My assumption may or may not be short sighted, but is a reflection of the fact that I've spent a while in developing countries and understand that people want nothing more than to provide for their families - yet their opportunities to do so are significantly limited, more than anyone in the developed world could understand....and there are both internal and external forces in these countries that want nothing more than to preserve the status quo, which is that they get a huge cut and the workers get jack-fucking-shit to the point where $2-3 USD an hour is a massive windfall.

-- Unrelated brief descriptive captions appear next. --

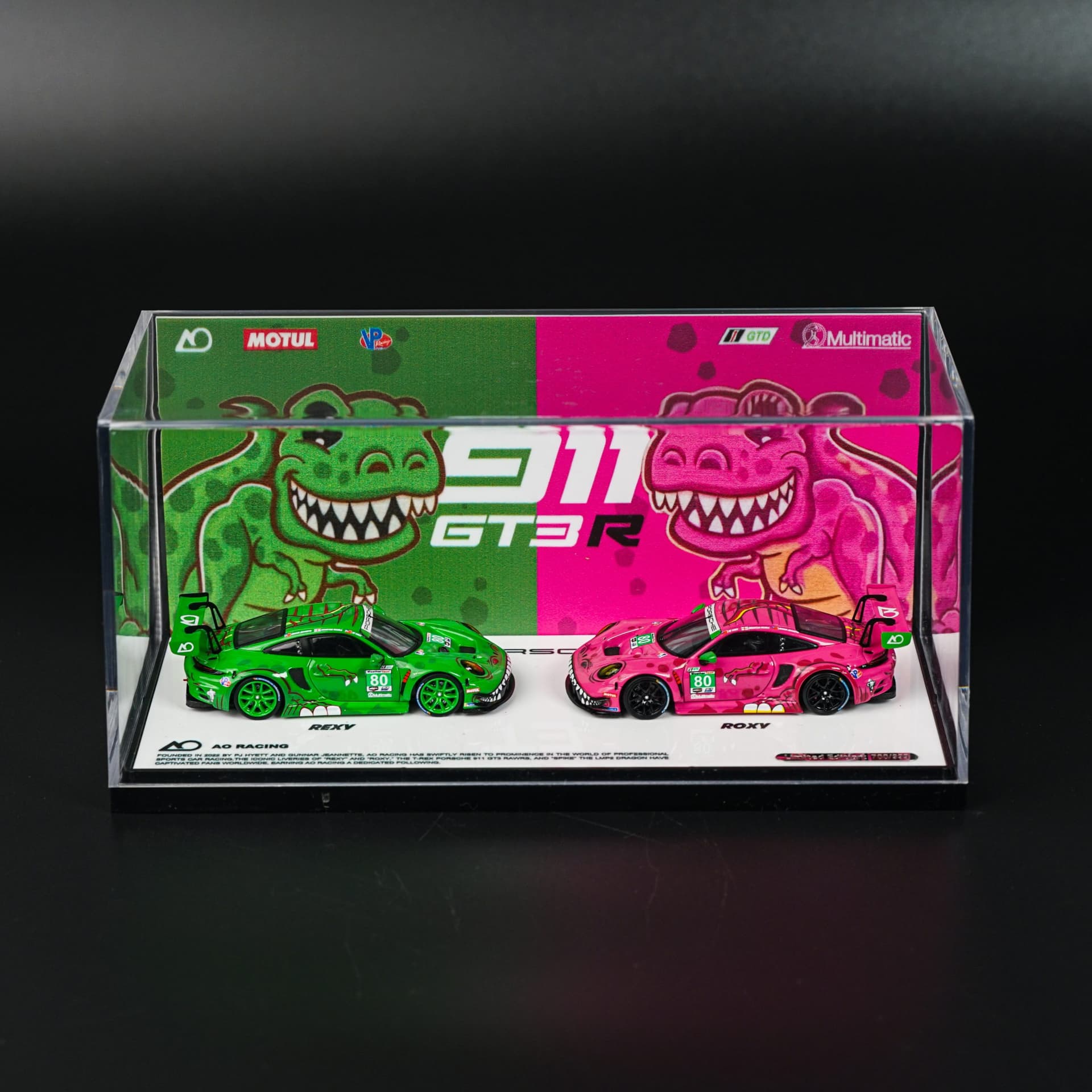 Porsche 911 GT3 R Rexy Roxy Star Race - model 1:64 - miniatura 2
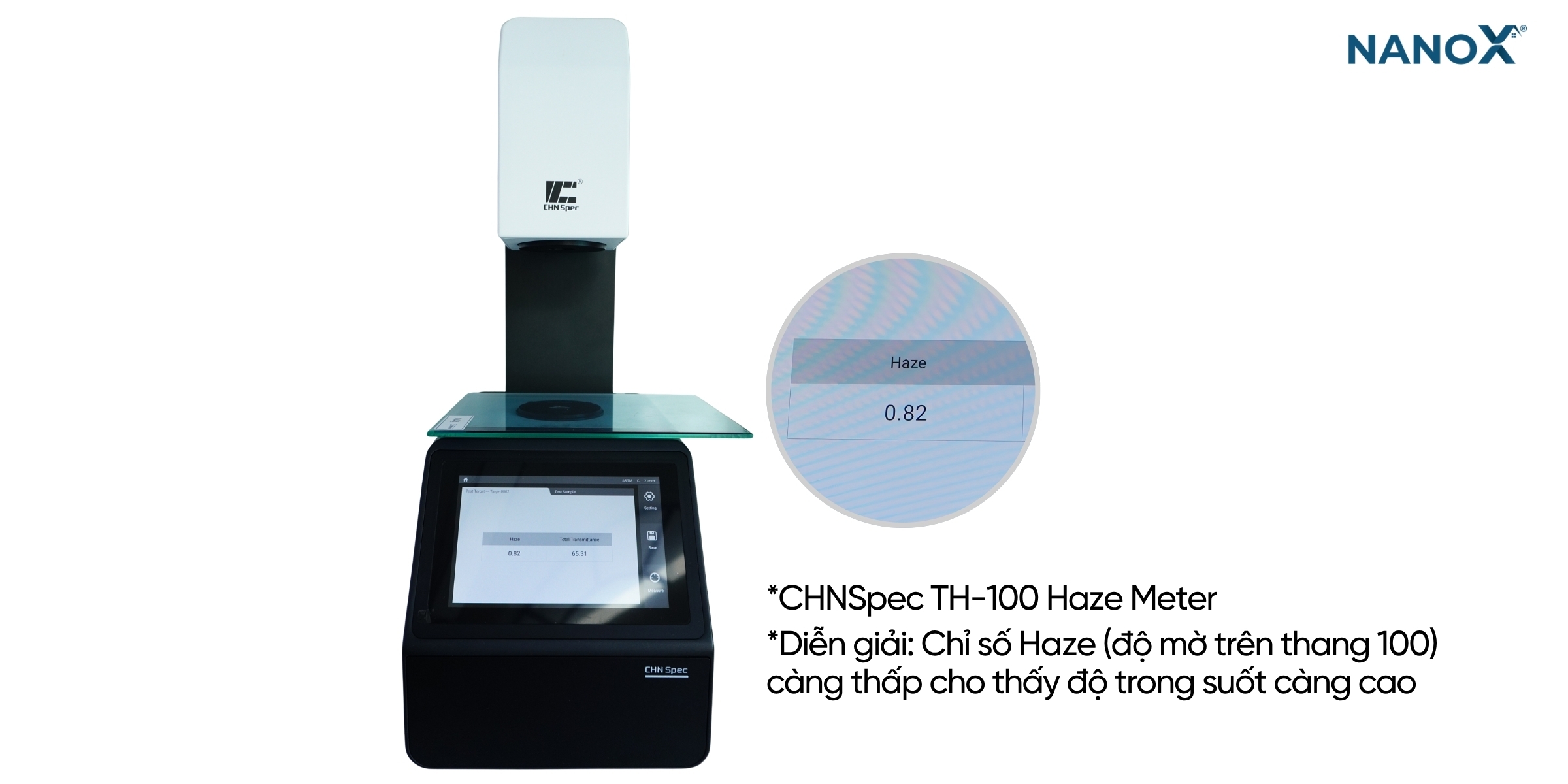 NanoX P70 có thông số mờ đục (Haze) chỉ 0,85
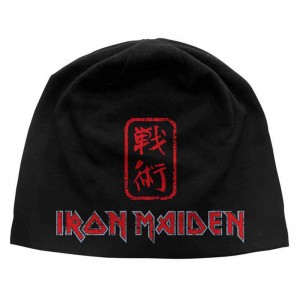 Iron Maiden Unisex Beanie Hat: Senjutsu JD Print (Black)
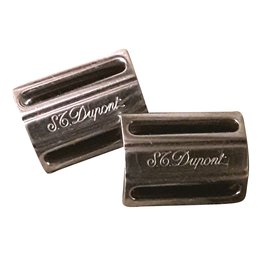 St Dupont-Cufflinks-Black,Silvery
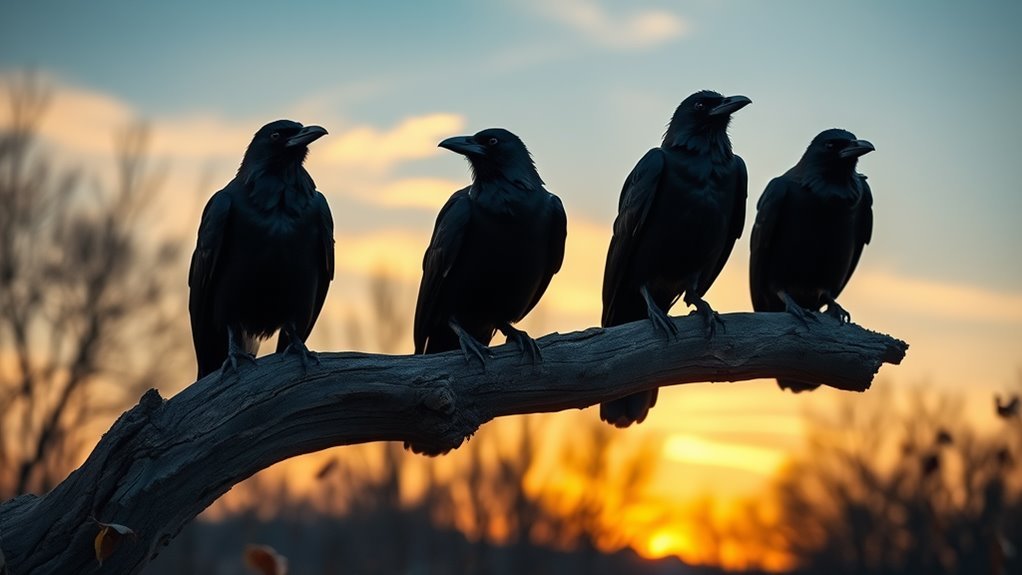 crows symbolize spiritual messages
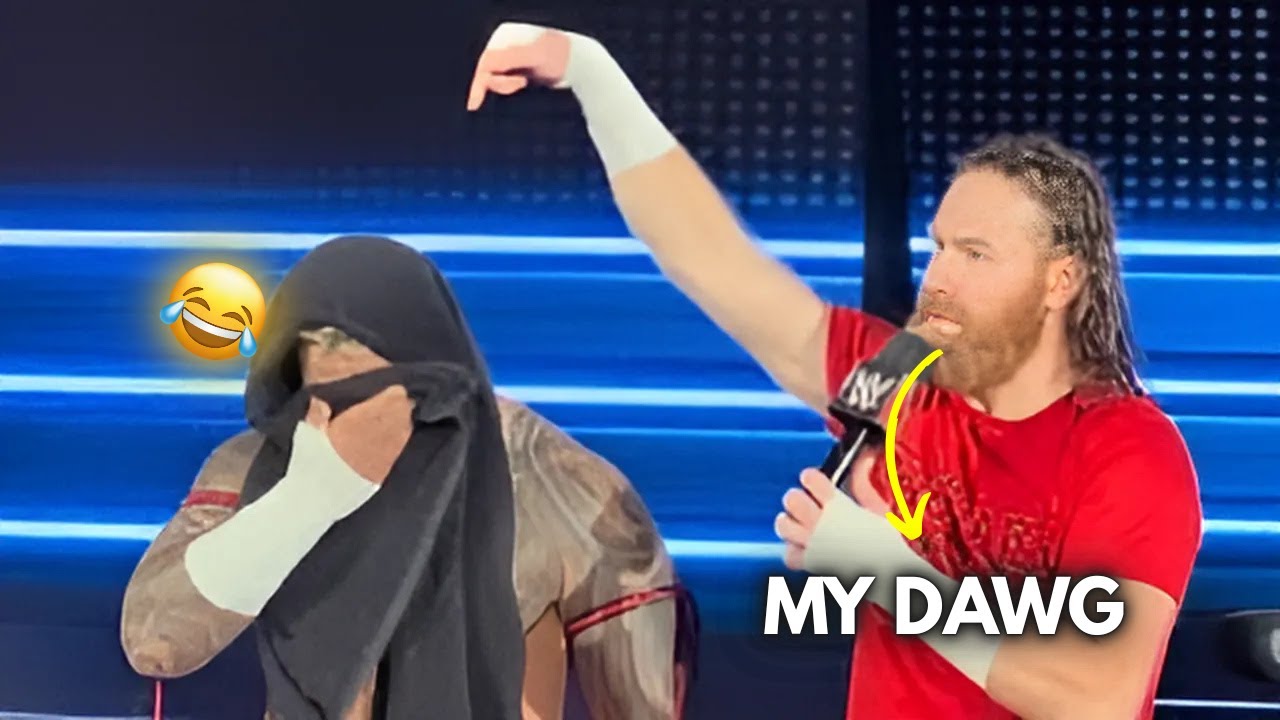 Сэми Зейн заставляет рестлеров WWE ломать характер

Maybe the guy in the example did leave the country, maybe he didn't. But either way, those workers were given a massive windfall for a short time, and I'm willing to bet that some of those workers took that money, invested in their families to the point where their children were able to get some form of education, and those children didn't have to lead the same impoverished lives their parents did. They were able to use that money as a stimulus for real growth. That counts.

I've lived in the developing world too. There's a reason why locals who actually want their country to succeed generally hate this. Nobody says "paying well" is a bad thing, but you have to realize that well is relative.

As someone who has been poor, the idea that the massive windfall is better is so frustrating. It's not. At least where I lived, people could not explain to you how a bank worked. People often did not save money, and if someone found out you had money, you were immediately asked for 'loans'. Beyond that you have to think about _lifetime earnings_. If you hire all of the lumberjacks for your slick handmade-in-africa table business, what happens to the SYSTEM of these people when other businesses go out of business and liquidate their assets then you leave? It's not as simple as some new business popping up and employing people.

Ah yes, the timeless principle of I have not, therefore others must have not. Is that the basic crux of the argument you are making? Or did I misunderstand?

If I may point out, the argument (upholding the system) appears to be structured around justifying why others must have not by saying that all non-high-paying lumberjack-employing businesses will go out of business, and then this high-paying business will leave. Is there any reason why this high-paying business would leave? It sounds from your statement that this is guaranteed, for whatever reason. And if it does leave (because obviously no business is guaranteed for all time) is there reason to believe another external business would not step in to fulfill that demand for handmade-in-africa table business? Or that the newly unemployed lumberjacks (but flush with cash relative to local conditions from their high-paying salaries) will sit around and twiddle their thumbs for all time instead of starting their own lumberjack-related business?